START DATA EXTRACT

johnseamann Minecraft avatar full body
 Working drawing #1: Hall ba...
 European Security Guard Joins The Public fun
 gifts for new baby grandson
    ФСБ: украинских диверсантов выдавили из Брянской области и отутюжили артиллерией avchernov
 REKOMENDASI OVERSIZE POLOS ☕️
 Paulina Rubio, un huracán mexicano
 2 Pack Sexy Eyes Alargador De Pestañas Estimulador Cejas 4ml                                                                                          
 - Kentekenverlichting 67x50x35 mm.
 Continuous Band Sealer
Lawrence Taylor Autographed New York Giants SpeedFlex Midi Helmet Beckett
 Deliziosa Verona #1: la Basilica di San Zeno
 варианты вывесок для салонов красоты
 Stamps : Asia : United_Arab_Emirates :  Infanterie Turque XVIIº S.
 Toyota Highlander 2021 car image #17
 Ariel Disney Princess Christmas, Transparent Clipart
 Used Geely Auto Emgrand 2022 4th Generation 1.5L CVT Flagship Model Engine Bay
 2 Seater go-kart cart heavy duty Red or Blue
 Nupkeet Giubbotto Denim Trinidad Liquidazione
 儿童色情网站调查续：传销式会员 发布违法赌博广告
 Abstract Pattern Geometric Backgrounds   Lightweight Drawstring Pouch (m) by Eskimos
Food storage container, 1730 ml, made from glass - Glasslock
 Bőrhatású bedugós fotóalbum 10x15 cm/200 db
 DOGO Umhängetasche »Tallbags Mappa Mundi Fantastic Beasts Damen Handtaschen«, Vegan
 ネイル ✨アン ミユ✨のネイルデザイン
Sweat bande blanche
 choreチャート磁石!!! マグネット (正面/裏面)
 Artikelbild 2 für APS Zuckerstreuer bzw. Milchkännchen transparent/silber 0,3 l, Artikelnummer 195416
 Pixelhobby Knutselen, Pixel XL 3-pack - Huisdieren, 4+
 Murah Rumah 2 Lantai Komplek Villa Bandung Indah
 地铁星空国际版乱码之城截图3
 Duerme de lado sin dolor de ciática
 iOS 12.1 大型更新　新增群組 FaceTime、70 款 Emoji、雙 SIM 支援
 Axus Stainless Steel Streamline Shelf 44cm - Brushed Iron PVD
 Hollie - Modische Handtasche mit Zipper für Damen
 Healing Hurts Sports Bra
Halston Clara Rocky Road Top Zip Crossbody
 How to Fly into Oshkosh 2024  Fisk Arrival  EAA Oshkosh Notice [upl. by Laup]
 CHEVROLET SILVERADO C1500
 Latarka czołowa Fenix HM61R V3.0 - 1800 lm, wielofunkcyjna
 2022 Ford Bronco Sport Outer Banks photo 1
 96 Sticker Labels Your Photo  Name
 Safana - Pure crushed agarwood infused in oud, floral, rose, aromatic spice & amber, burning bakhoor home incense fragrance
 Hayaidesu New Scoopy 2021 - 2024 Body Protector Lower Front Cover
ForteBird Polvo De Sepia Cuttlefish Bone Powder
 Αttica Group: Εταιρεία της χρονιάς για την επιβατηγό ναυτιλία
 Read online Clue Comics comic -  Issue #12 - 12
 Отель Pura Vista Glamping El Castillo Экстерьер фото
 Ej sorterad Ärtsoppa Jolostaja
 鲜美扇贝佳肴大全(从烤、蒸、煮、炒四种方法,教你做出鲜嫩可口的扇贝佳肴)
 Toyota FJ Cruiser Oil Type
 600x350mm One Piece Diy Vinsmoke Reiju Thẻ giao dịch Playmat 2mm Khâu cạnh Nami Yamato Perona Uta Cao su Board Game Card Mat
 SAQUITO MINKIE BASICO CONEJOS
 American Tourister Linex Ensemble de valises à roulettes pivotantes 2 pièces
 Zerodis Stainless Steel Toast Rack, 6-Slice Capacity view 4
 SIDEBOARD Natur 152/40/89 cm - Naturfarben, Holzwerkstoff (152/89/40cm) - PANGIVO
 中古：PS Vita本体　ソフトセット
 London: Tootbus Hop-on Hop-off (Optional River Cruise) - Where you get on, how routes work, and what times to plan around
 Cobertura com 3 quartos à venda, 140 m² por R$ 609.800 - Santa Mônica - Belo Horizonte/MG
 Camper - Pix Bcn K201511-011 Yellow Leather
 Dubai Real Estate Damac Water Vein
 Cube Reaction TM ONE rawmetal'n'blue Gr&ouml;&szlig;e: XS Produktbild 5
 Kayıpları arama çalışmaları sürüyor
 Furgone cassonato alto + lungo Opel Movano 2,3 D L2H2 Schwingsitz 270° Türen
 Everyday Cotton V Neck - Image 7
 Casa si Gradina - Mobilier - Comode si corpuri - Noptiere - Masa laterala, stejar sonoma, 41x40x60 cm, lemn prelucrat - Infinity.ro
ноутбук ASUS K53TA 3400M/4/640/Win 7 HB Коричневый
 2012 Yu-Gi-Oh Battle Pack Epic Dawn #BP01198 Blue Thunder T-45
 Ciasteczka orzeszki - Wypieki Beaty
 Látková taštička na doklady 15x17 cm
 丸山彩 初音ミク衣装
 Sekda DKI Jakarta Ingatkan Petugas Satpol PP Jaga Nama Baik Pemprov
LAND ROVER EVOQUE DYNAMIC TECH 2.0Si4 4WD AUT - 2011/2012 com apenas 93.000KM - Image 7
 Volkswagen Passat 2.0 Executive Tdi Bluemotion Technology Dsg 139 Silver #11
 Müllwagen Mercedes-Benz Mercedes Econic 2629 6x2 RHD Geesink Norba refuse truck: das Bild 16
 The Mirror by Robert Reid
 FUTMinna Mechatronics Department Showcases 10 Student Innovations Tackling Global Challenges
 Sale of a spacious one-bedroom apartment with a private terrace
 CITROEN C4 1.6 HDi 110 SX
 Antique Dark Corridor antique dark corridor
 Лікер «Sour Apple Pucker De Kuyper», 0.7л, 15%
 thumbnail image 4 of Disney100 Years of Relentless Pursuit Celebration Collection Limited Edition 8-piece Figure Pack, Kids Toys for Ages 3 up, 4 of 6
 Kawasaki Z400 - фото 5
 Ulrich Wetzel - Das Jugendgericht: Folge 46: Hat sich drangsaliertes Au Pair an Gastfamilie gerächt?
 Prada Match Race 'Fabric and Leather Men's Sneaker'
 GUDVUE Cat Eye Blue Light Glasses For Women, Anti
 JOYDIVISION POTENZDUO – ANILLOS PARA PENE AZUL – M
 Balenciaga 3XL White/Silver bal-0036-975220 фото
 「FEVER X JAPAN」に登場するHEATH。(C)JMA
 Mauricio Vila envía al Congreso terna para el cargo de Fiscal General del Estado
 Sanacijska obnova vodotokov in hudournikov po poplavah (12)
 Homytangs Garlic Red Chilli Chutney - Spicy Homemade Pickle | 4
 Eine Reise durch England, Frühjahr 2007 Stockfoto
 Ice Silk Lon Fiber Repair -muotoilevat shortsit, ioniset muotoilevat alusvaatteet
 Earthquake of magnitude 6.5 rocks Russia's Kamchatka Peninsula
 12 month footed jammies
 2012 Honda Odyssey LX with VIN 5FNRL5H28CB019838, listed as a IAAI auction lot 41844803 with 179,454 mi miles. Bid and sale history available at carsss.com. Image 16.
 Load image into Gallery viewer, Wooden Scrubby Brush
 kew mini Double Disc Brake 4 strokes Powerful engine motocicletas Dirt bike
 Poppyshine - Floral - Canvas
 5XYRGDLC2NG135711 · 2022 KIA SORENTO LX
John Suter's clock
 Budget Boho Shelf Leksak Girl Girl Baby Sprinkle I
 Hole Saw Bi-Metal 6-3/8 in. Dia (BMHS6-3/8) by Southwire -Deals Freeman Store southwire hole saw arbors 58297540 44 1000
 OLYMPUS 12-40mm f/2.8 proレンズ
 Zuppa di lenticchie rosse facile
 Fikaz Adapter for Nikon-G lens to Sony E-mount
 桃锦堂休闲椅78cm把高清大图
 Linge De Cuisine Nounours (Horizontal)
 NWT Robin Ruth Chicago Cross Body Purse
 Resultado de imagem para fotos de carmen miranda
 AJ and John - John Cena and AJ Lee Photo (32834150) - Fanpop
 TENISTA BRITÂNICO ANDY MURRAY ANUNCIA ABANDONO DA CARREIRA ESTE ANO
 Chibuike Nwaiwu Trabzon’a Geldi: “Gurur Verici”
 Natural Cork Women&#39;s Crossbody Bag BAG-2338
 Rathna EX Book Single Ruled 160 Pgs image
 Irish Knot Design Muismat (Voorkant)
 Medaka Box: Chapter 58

END DATA EXTRACT

▶ WHAT IS REQUIRED
Output only an exact transcription of the lines above from the one with "Duerme de lado sin dolor de ciática" up to and including the one with "Healing Hurts Sports Bra".

▶ SOLVED PROBLEM
 Duerme de lado sin dolor de ciática
 iOS 12.1 大型更新　新增群組 FaceTime、70 款 Emoji、雙 SIM 支援
 Axus Stainless Steel Streamline Shelf 44cm - Brushed Iron PVD
 Hollie - Modische Handtasche mit Zipper für Damen
 Healing Hurts Sports Bra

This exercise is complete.